Of 2.0 and staff workloads

March 27, 2008 Posted by Michael

When I was on the University of Nebraska, Lincoln east campus last week there was one thing I heard that I’d not mentioned in my previous blog post about the day; "re-staffing". Please allow me explain.

Often, especially during my Library 2.0 or Social Web presentations (both of which I was giving that day) I inevitably get the question "but how can I do my job and do all this new stuff too?" It’s a legitimate question yet I dread it all the same. You see, it’s my job to do all this new stuff. I don’t have to pull a reference desk shift or meet with students. I do have to travel, teach, and present, but all the "new fun 2.0 stuff" I do is in complete support of said travel, teaching, and presenting. So, how have I answered the question?

In the past, and on that day, I mumbled my excuse about how my time is spent and then proceeded to mumble a bit more about "working it into your existing workflow" and "letting the decision of which 2.0 things to use/do be an ‘organic’ process". Both are legitimate answers but aren’t very satisfying ones to either me or the audience.

But over lunch, after my social web presentation, one of the campus librarians said to another, "maybe we need to consider some re-staffing" in order to be able to do some of this stuff." At the time I don’t recall reacting to the comment that much but it stuck with me enough to blog about it a week later.

Maybe at an institutional level adding the new social tools onto an already overloaded workflow isn’t the answer. Granted, I firmly believe that some of the new tools can be integrated successfully and streamline the existing workflow, but what about larger tools like blogging. Instead of expecting staff to blog for the library in addition to their existing workload, how about redistributing the workload so the staff that will be blogging on behalf of the library have a little less of what they did before and now have the time to blog?
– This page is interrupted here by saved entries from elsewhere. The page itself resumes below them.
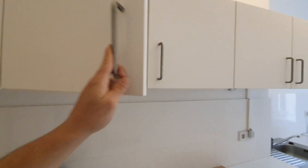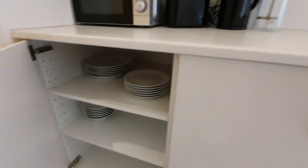You have cups, glasses, plates, and then some pots.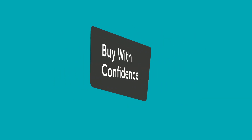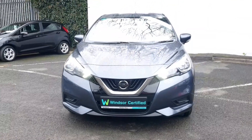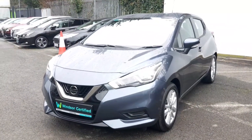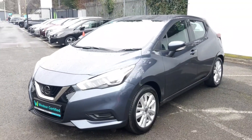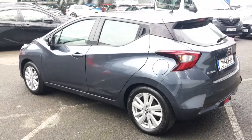Buy with confidence and get the best benefits for your used vehicle with Windsor Certified. Like a comprehensive 12-month warranty that will keep you covered for any unforeseen mechanical issues. And with a thorough history check on all of our vehicles, you won't have to worry about any hidden surprises.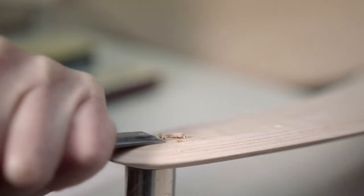Impeccably sanded and joined parts and striking details, conceived to deliver the best in comfort, durability and aesthetics.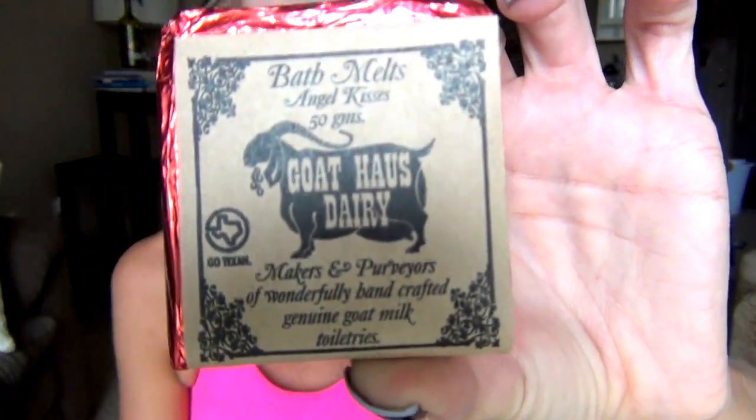This is what I saw that looked interesting earlier — Goat House Dairy. So it looks like these are bath salts, I believe. Taking a bath never left your skin feeling this good. Drop one of these handmade goat's milk bath melts into your tub and relax your skin. This is really cute — Bath Melts Angel Kisses. I love goat cheese and goat milk, so that's really cool. That's something kind of different — I love this sort of thing.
I’m not saying this would be easy, nor could I possibly claim to have a "plan" for something like that that you could implement in your library. (How could I, each library’s solution would be completely different from every other.) However, maybe we should not look at this as an addition problem, but more of a rearrangement problem.

Your thoughts?

About Michael

Michael Sauers is currently the Technology Innovation Librarian for the Nebraska Library Commission in Lincoln, Nebraska and has been training librarians in technology for more than 15 years. He has also been a public library trustee, a bookstore manager for a library friends group, a reference librarian, serials cataloger, technology consultant, and bookseller. He earned his MLS in 1995 from the University at Albany’s School of Information Science and Policy. Michael’s tenth book, Blogging & RSS: A Librarian’s Guide, Second Edition was published October 2010 with three more books to be published in 2012. He has also written dozens of articles for various journals and magazines. In his spare time he blogs at travelinlibrarian.info, runs Web sites for authors and historical societies, takes many, many photos, and reads more than 100 books a year.

2 Responses to Of 2.0 and staff workloads

  1. Jezmynne says:

    As one of those librarians who manage subjects, ref desk, outreach, instruction, appointments, a building, staff, AND 2.0 stuff, I agree it is a challenge. For me, it comes down to 2 things – prioritization and well, prioritization.

    First, I prioritize which things I actively experiment and maintain in an ongoing fashion. That doesnt mean I try a lot of new things, I do, but I choose carefully which ones fit into my objectives as a librarian and my place in my profession and academic community.

    Secondly, I cast a critical eye on everything I do. We’ve all heard this before, “Choose what you do, and let go of things that matter less than others.” That’s hard, but I can tell you it’s a load of my work plate when I can finally say, “I no longer can keep up with ordering individual books, so here’s my budget and selected call number ranges defined by faculty and myself, Mr. Automatic Approval Plan,” for example. The time saved allows me to explore things in the 2.0 world, some of which is now a huge success regarding networking with my own user community and professional goals. And to me, that was worth the sacrifice.